The Silent Place

A myth of the Elven Folk, derived from the Red Book, as translated by J. R. R. Tolkien

'Deep they delved us, fair they wrought us, high they builded us; but they are gone'.

Legolas, of the stones of Eregion, "The Fellowship of the Ring"

Deep in the sea, past the hidden islands, within sight of Tol Eressea but not yet upon the shores of Middle Earth, there is land. They call it the Silent Place.

Many mariners have seen it from afar in their travels, for while it is a small island, it is tall, as if a mountain was drowned under the ocean's waves and now only the tip shows through. But a mighty mountain it was, its base wide a city, the stones at its head aspiring towards the sky as before had only crafted stones. The top is bare now, not even flowers grow there, nor grass or trees, and the birds do not visit the Silent Place. It is large enough for a single mariner to stand atop it, look out and see the lights of the Lonely Isle or of the Gray Havens so far away, one man, and no more.

The Elven ships that sail the Straight Path go past it often, and their passengers point at it and tell tales of its origins. They say it is a fragment left of Tol Eressea long ago when Osse struggled with Ulmo to stop the theft of his island. They say it is a sign to mark the beginning of the Straight Path. They say it was once a place where there was a bridge of land from Aman to Endor, and thereupon marched the hosts in the last War of Beleriand.

They say many things of the Silent Place, where no bird sings and no fish swim in the surrounding water, and no flowers grow.

They can never be sure, for they can never go near it.

None are sure why that is so, for there are many reasons. Sometimes the sea would rise and rage and drive the ship away, jealously guarding its old, lovely secrets. At times a wind would rise and puff the sails, banishing the curious far beyond return. Sometimes the very bottom of the sea would tremble, and the earth would make currents and waves, and keep the Silent Place forever out of reach.

Sometimes, some say, the stars themselves would dim, and in the scarce light, the Silent Place would be none but a shade in the distance, a beautiful ghost form never where one thinks to look.

None had been there, to stand atop the Silent Place, alone under the open sky, and strain their eyes to see the snowy peak of Taniquetil and the glimmer of light from Tirion the Fair.

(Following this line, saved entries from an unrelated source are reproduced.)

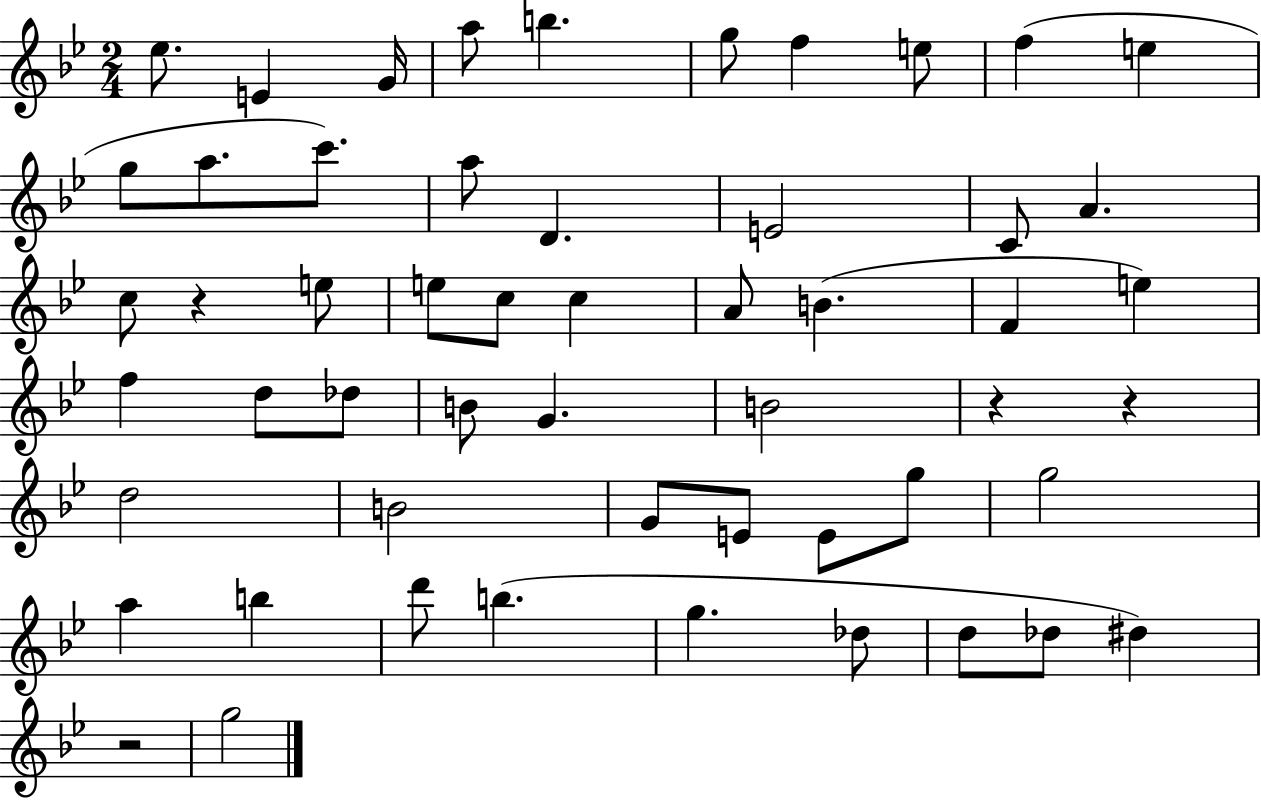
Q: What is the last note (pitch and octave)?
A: G5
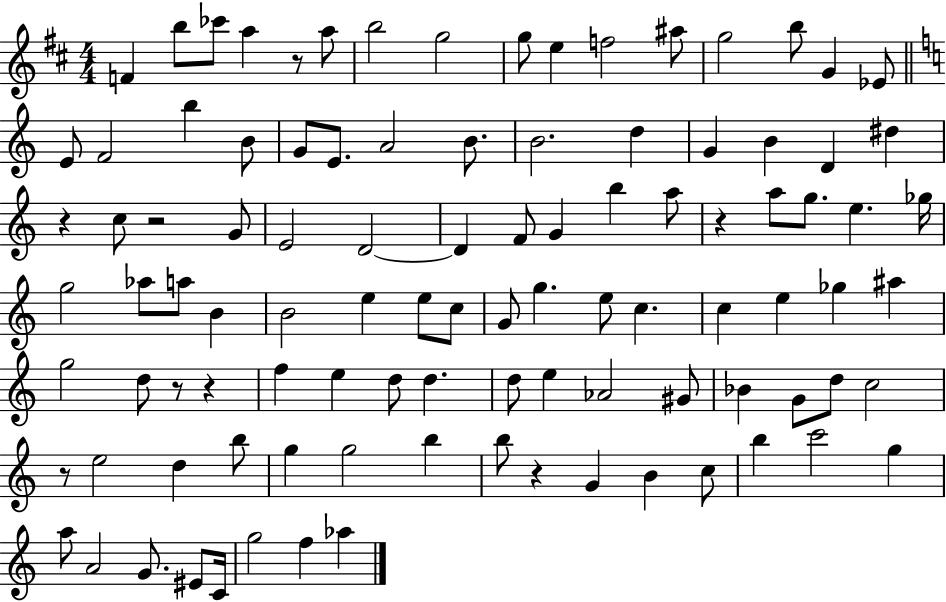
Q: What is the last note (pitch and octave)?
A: Ab5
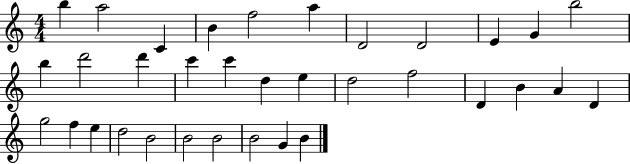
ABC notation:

X:1
T:Untitled
M:4/4
L:1/4
K:C
b a2 C B f2 a D2 D2 E G b2 b d'2 d' c' c' d e d2 f2 D B A D g2 f e d2 B2 B2 B2 B2 G B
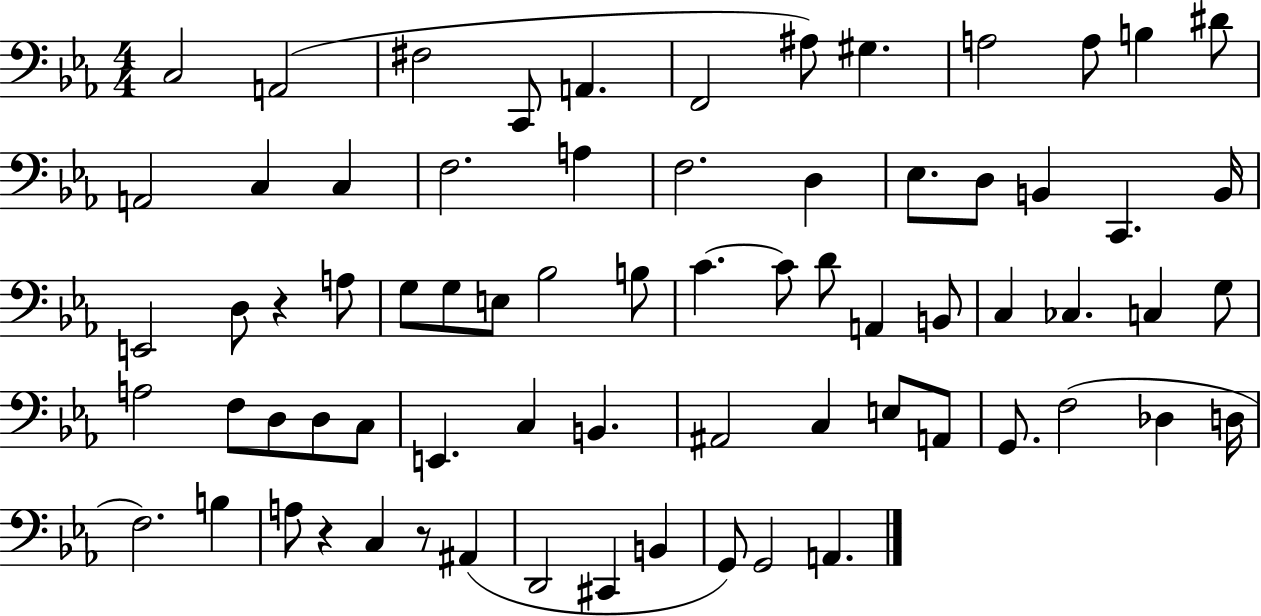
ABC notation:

X:1
T:Untitled
M:4/4
L:1/4
K:Eb
C,2 A,,2 ^F,2 C,,/2 A,, F,,2 ^A,/2 ^G, A,2 A,/2 B, ^D/2 A,,2 C, C, F,2 A, F,2 D, _E,/2 D,/2 B,, C,, B,,/4 E,,2 D,/2 z A,/2 G,/2 G,/2 E,/2 _B,2 B,/2 C C/2 D/2 A,, B,,/2 C, _C, C, G,/2 A,2 F,/2 D,/2 D,/2 C,/2 E,, C, B,, ^A,,2 C, E,/2 A,,/2 G,,/2 F,2 _D, D,/4 F,2 B, A,/2 z C, z/2 ^A,, D,,2 ^C,, B,, G,,/2 G,,2 A,,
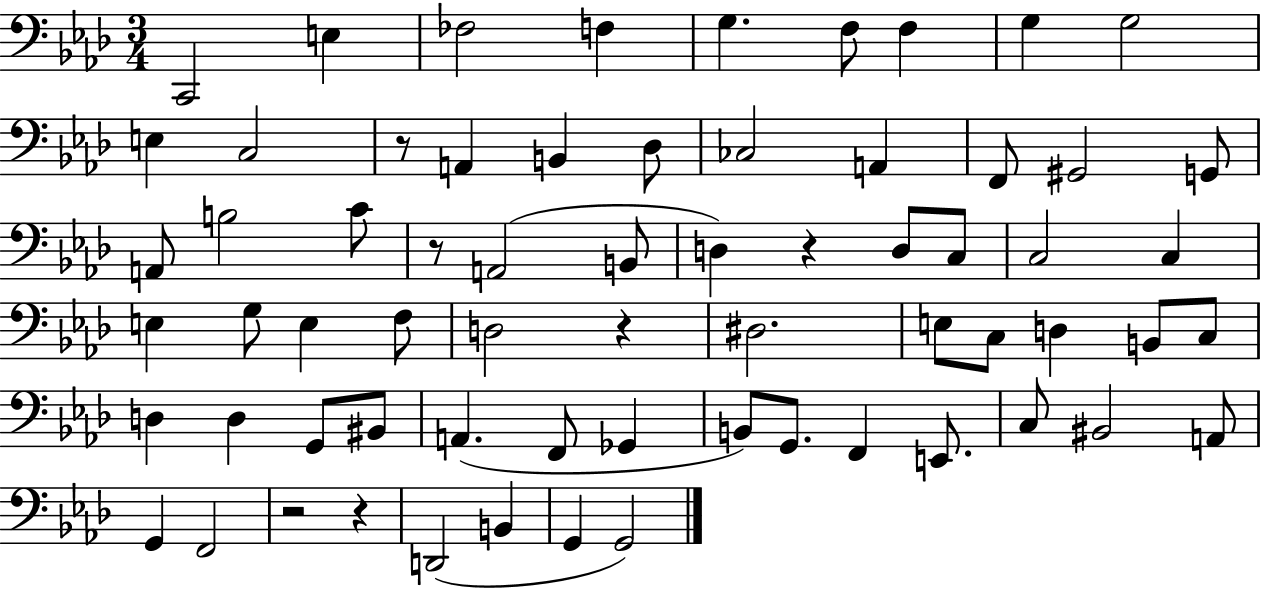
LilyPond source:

{
  \clef bass
  \numericTimeSignature
  \time 3/4
  \key aes \major
  c,2 e4 | fes2 f4 | g4. f8 f4 | g4 g2 | \break e4 c2 | r8 a,4 b,4 des8 | ces2 a,4 | f,8 gis,2 g,8 | \break a,8 b2 c'8 | r8 a,2( b,8 | d4) r4 d8 c8 | c2 c4 | \break e4 g8 e4 f8 | d2 r4 | dis2. | e8 c8 d4 b,8 c8 | \break d4 d4 g,8 bis,8 | a,4.( f,8 ges,4 | b,8) g,8. f,4 e,8. | c8 bis,2 a,8 | \break g,4 f,2 | r2 r4 | d,2( b,4 | g,4 g,2) | \break \bar "|."
}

It is unreachable, the Silent Place – unfathomable, unquestionable, fleeting and firm, rocky and eternal, and newborn and frail against the sky, and silent.

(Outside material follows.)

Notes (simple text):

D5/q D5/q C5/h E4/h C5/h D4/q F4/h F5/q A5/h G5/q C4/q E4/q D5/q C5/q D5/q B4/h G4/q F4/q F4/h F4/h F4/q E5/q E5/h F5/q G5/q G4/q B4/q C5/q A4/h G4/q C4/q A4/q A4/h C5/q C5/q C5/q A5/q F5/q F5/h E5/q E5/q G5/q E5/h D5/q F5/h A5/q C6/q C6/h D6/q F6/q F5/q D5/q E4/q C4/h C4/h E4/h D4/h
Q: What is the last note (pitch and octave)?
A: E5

There is a legend among the old mariners of the Quendi, who sail away now with their kin even as Men's dominion fast approaches, that once there was a great land of Men where the Silent Place now stands. They say it is greater than any kingdom now upon Middle Earth, aye, greater even than Gondolin in her splendor and Menegroth in her might. Great, they say, as Tirion upon Tuna in the lightened days, beautiful and rich, and immortal as the Blessed Realm, even as its people were not.

They say, the sages, that a wave came and swallowed it up, in ruination and rage, as the rage of the Black Foe crashed upon the Noldor in Beleriand so long ago, in days even their old memories do not reach.

They say, the sages, and sing of it, but none of the Eldar tales the tale anymore to the passengers and the sky, for they are gone, and the wind whispers it in their stead.

They have lived here, they have labored here, they have loved here, and they are gone.

So that only legends remain of the Silent Place, where the sky was always open above. And the old men say to their grandchildren that once in that great immortal kingdom of mortals, Men climbed atop that mountain that now the ocean embraced, and looked up to the sky and the stars and the sun, and thanked in their heart to the Creator whom they loved for making them. The open sky, the shining night, the endless sea, and the mountain.

They say, and the wind says, that it is He who guards it yet, that His servants do His bidding, to keep the Silent Place, and let not even the Firstborn touch its firm ground. For He remembers those who looked up to the sky, and loves them still, and their tale, and their mountain. That He loves them, and their mountain stands even if they are gone, for they have stood there, and they have wondered there, and they loved there, and they are gone.

And none else, they say, shall step upon it, for memory of love.

But the Silent Place is silent, and it tells no tales, and it merely stands there firm and silent, no flowers growing, no trees growing, no birds singing, no Elves singing. Silent and bare, strong stones and open sky, even beyond the changing of the world.